HEALTH AND WELLNESS :   Finitude of Cancer Treatment -The Hard Choices

Palliative Care

By His Grace and Blessings, I write

Finitude of Cancer Treatment: The Hard Choices

If you are above 40 years of age, you probably might recollect some sad memories of some relative/family member/friend or a loved one suffering from some terminal disease like cancer and who breathed his last at  home. Nowadays, however, most terminally sick patients are likely to die in a hospital/nursing facility environment away from home and their loved ones. What has changed during last 40/50 years is that most of the people suffering from terminal stages of diseases like cancer are highly likely to spend the last days of their lives in a painful, semi -conscious states, on ventilators and with sore backs in a nursing or medical facility and away from warmth of their homes. The doctors would have offered no hope or guidance or comfort but only one failing treatments after another. All this change is a gift of modern medical-health-corporate complex which offers to heal us but leaves us in lurch when we need comfort and compassion or when expenses become unbearable. This series of blogs will try to address hard questions surrounding death and choices available to a terminally sick person.

Leo Tolstoy in his novel “The Death of Ivan Ilyich” tells the story of a high court judge in 19th century Russia and his sufferings and death from a terminal illness. What tormented Ivan, writes Tolstoy, “was the deception, the lie, which for some reason they all accepted, that he was not dying, but was simply ill, and he only need to keep quiet and undergo a treatment and then something very good would result”.

The modern healthcare industry and its ill trained soldiers seem to be more primitive then those who treated Ivan in the 19th century. The medical today is inadequately prepared to handle the matters of death and aging. The large scale medical-industrial complex with its shameful commercialisation has made it impossible for a patient of terminal illness to peacefully die at home with his sanity and dignity intact. The emphasis on doctor knows the best model, the concentration on repair of body rather then sustenance of soul, the absence of pain management, the blatant prevalence of corruption in healthcare etc have all rendered the modern healthcare models inadequate to deal with the questions of When to die?, Where to die?, and How to die ?. Moreover, the absence of any view in modern medicine regarding what makes life significant, worthy and purposeful also highlights the inadequacies of healthcare Industry to deal with the questions of mortality and finitude of human lives.
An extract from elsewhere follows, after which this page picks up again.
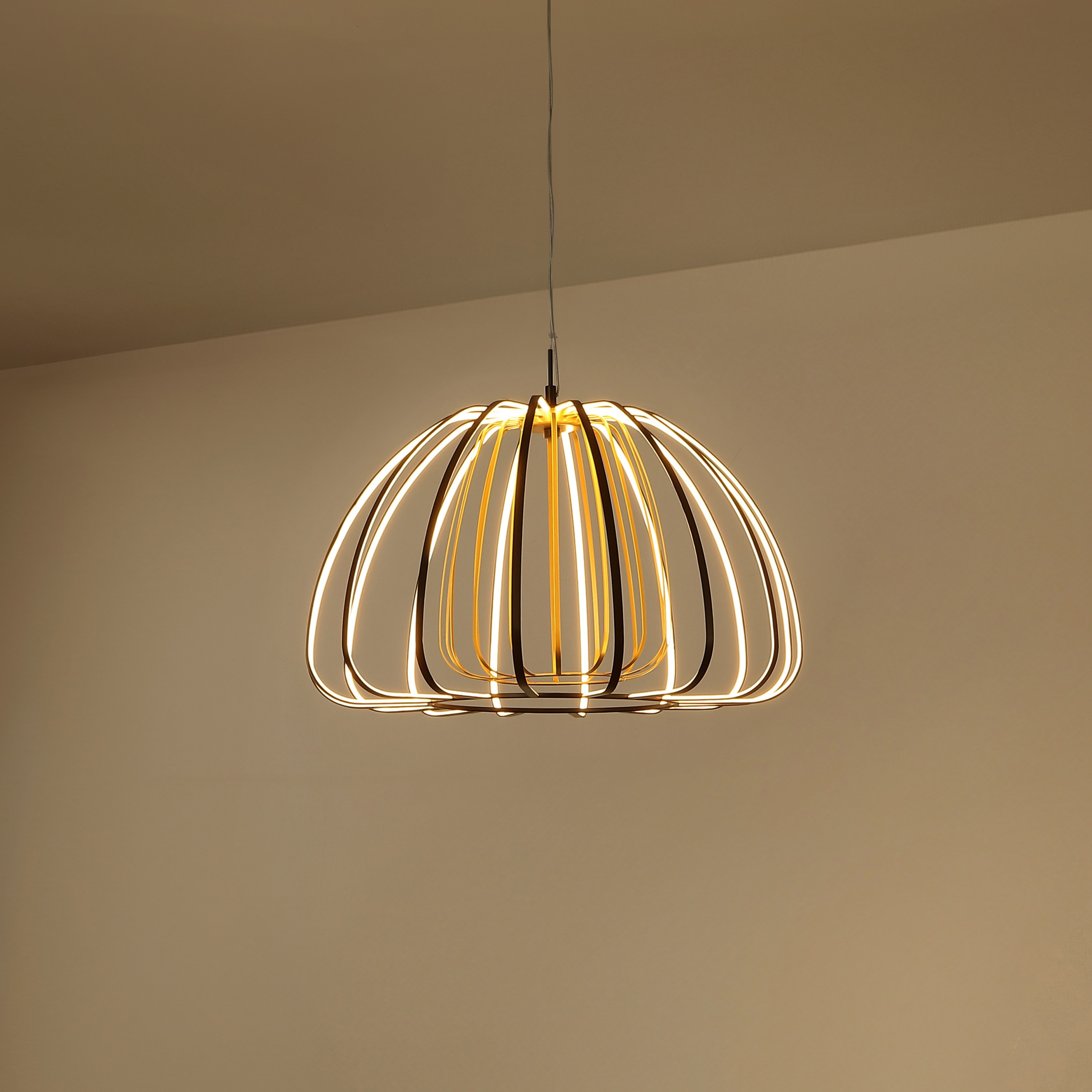 JONATHAN Y Adjustable Dimmable Cage Integrated LED Pendant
Mortality and finitude of our lives are the questions that confront us all. It needs to be understood that death is not a failure but a natural order of things. All civilisations have historically accepted death as a natural corollary to aging and have devised suitable mechanisms to deal with it.  However, in past few decades, medical science has rendered obsolete centuries of experience, tradition and has made death a very painful and long drawn process leaving behind in its trail deep social, psychological, physical and financial scars for the patient and his family members.

Experience of all of us with modern health-care industry will prove that patients are invariably subjected to futile curative treatments and enduring enormous physical, emotional, and financial suffering. The person in patient is often forgotten in the maze of hospital corridors, imaging rooms, and ICUs.

A study led by Sociologist Nicholas Christakis found that in case of terminally ill patients, doctors had a very poor estimate of the patient’s survival time and estimated it 530% higher in 63% of the cases. More than 40% of the Oncologists admitted to offering treatments that are unlikely to work and didn’t give a specific prognosis to their terminally sick patients. In another study, it was seen that 2/3rd of the terminally patients would not have undergone many of these futile treatments, if they had a say and if, their family members hadn’t pressurised them.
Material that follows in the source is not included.